The answer must be a single number: the count of lines in the records below that contain the word "Women".

(Beginning of Data shown)

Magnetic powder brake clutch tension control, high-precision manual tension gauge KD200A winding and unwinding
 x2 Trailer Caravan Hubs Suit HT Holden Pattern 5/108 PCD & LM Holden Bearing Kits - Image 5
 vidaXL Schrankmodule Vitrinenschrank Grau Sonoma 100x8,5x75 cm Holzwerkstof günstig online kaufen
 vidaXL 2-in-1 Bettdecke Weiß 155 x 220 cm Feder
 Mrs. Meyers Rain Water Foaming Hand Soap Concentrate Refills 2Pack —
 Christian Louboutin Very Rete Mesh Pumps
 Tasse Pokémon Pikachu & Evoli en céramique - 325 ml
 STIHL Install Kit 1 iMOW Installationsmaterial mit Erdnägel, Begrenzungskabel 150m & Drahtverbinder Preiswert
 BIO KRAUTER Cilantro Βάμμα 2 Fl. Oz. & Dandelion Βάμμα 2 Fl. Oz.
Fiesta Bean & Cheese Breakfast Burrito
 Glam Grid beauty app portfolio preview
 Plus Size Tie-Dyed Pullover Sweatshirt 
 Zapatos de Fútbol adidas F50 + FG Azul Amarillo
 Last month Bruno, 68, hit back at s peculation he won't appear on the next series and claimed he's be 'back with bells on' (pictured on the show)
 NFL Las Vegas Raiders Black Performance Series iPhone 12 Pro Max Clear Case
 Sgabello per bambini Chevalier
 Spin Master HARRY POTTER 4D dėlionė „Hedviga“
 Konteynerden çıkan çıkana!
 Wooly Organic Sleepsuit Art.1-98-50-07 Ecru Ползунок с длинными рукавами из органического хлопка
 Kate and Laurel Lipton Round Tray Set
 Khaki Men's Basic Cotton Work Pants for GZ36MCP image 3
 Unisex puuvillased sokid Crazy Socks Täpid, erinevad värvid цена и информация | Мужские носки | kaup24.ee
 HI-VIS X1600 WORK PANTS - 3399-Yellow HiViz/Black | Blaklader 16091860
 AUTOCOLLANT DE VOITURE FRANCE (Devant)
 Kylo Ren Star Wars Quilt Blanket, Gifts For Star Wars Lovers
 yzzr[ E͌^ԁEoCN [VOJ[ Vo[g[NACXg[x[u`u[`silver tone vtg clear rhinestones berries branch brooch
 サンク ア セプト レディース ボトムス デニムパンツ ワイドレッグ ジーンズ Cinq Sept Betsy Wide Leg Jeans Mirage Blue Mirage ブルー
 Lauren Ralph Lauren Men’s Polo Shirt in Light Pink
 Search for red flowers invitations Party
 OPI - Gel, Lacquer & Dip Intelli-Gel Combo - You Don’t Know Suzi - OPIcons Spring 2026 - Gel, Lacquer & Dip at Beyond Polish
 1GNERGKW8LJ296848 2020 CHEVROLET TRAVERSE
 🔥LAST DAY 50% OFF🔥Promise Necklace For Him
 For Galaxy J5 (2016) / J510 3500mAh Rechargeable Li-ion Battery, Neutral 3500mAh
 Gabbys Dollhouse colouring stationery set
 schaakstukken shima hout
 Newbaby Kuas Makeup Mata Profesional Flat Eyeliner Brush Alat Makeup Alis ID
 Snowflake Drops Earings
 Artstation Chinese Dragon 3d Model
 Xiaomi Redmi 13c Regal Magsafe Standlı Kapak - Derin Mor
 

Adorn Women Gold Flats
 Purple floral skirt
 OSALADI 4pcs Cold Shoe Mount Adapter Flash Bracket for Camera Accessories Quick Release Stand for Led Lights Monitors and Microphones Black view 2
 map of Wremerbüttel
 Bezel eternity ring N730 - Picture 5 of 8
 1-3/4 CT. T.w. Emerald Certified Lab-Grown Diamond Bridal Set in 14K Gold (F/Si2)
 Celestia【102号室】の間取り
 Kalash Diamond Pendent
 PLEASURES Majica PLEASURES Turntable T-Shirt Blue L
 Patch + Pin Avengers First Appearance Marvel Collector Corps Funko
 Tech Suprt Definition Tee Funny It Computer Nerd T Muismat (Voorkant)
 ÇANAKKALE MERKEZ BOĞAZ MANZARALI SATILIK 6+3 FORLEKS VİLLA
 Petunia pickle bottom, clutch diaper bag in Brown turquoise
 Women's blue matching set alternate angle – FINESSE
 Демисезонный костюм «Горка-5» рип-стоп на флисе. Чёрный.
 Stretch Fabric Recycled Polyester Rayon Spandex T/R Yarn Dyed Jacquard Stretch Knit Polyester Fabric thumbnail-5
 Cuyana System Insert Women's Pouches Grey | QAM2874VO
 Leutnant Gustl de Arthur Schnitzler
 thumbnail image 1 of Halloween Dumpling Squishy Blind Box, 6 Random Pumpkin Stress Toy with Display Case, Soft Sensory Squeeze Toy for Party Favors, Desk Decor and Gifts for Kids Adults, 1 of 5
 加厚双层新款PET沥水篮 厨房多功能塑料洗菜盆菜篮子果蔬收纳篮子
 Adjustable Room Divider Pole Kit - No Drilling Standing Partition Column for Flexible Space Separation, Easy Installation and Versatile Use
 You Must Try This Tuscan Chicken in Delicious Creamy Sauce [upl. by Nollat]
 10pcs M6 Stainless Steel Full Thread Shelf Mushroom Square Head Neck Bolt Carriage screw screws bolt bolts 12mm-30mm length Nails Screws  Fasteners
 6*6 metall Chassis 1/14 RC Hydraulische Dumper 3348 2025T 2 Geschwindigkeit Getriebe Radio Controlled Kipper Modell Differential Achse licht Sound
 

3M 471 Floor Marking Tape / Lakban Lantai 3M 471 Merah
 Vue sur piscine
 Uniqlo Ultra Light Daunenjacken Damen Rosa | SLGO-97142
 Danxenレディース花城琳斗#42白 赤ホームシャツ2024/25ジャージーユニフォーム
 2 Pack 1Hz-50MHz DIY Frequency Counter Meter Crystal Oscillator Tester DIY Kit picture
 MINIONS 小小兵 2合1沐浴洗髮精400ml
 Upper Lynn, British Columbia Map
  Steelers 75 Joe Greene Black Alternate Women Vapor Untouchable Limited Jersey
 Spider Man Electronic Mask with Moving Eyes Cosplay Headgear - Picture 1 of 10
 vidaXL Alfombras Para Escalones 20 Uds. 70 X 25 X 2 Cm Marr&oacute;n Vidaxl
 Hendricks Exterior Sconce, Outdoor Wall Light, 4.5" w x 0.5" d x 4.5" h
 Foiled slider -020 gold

(End of Data shown)

§ **Worked solution**:
4